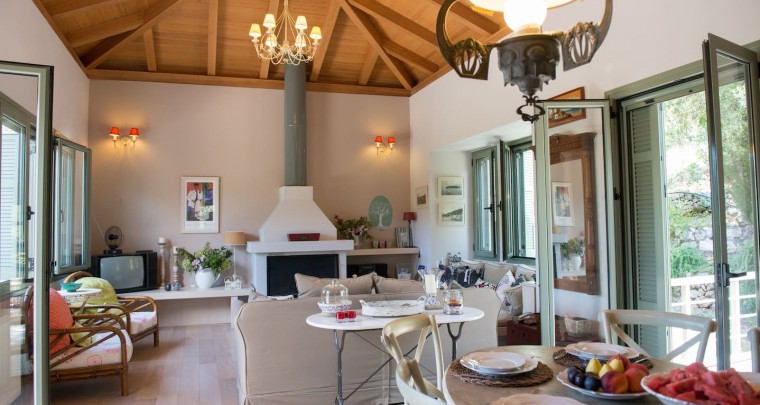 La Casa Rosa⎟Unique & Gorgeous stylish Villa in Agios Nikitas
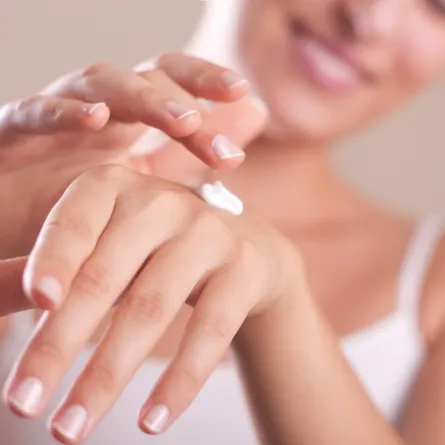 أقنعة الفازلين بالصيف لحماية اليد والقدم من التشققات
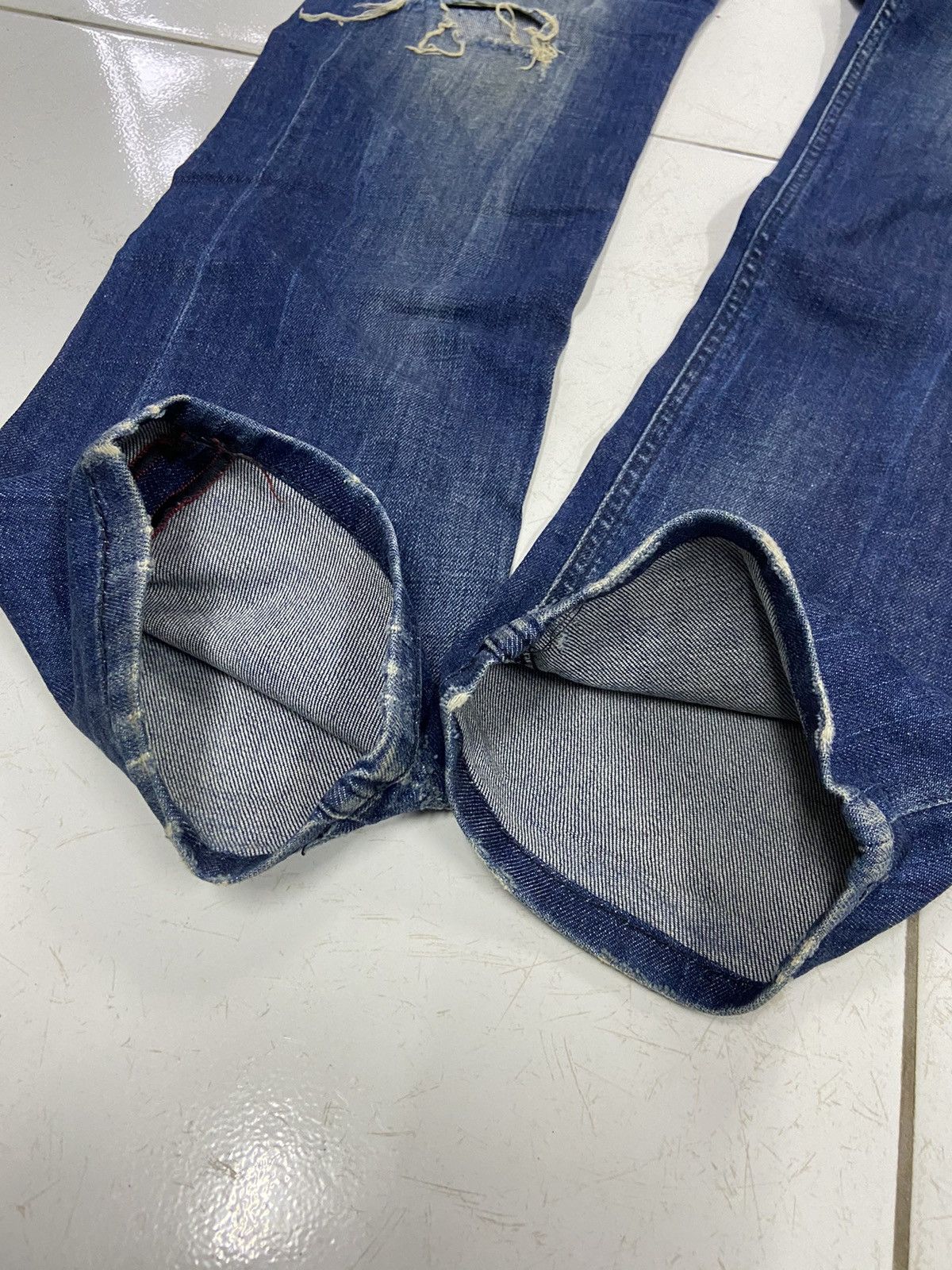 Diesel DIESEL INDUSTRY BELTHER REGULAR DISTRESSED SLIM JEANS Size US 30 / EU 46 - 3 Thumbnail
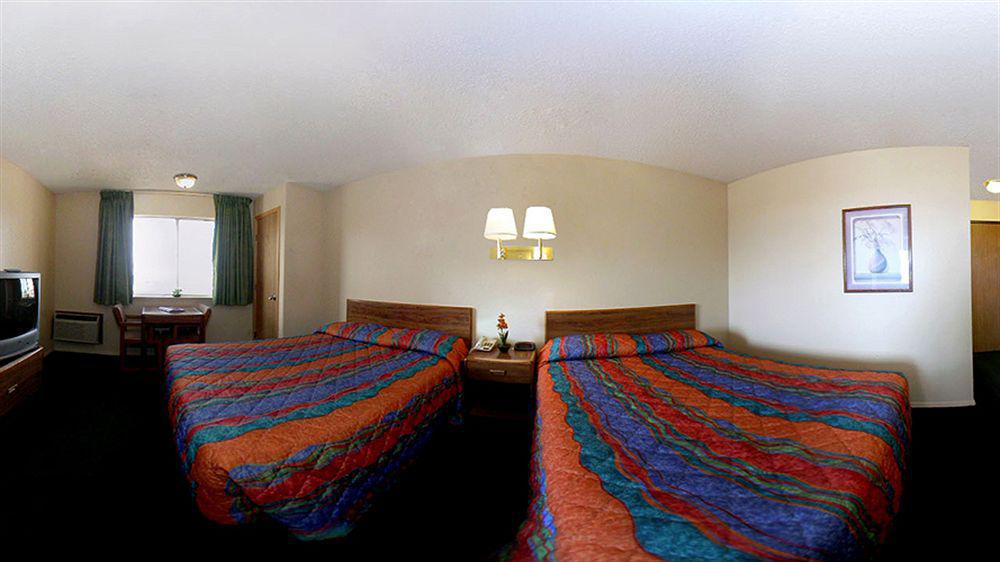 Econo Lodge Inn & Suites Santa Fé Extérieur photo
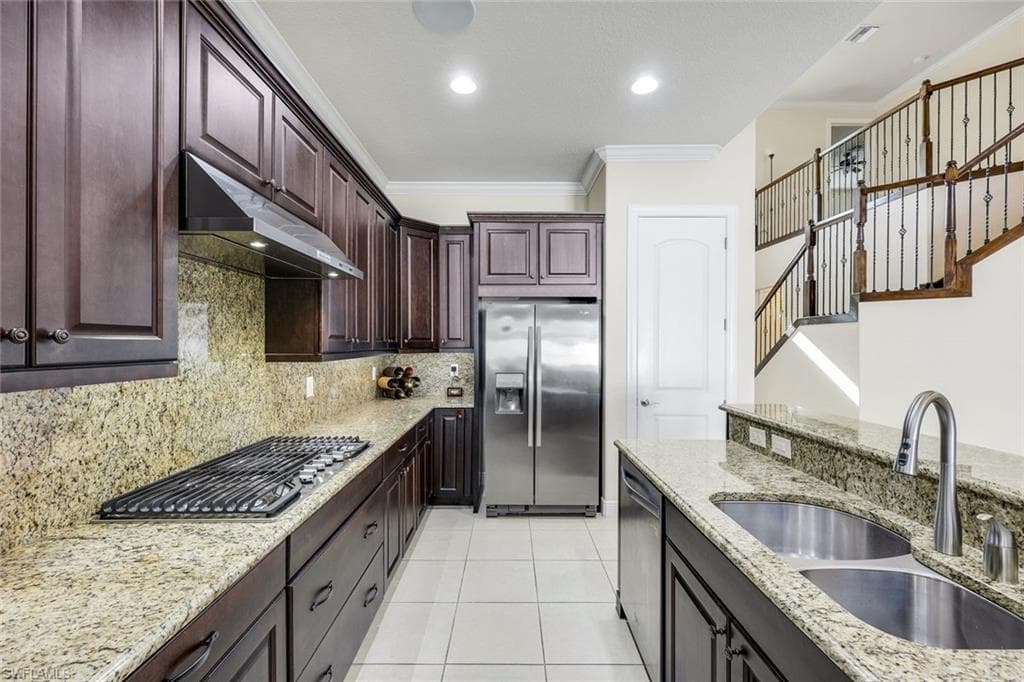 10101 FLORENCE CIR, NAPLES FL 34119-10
...
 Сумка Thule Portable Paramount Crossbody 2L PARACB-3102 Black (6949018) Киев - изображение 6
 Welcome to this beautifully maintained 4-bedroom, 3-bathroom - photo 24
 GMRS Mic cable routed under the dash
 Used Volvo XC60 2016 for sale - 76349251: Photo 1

• Your task:
Copy only what runs above from the line containing "Econo Lodge Inn" through the line containing "10101 FLORENCE CIR, NAPLES FL 34119-10", exactly. Leave out the pictures.

• Answer to this problem:
 Econo Lodge Inn & Suites Santa Fé Extérieur photo
 10101 FLORENCE CIR, NAPLES FL 34119-10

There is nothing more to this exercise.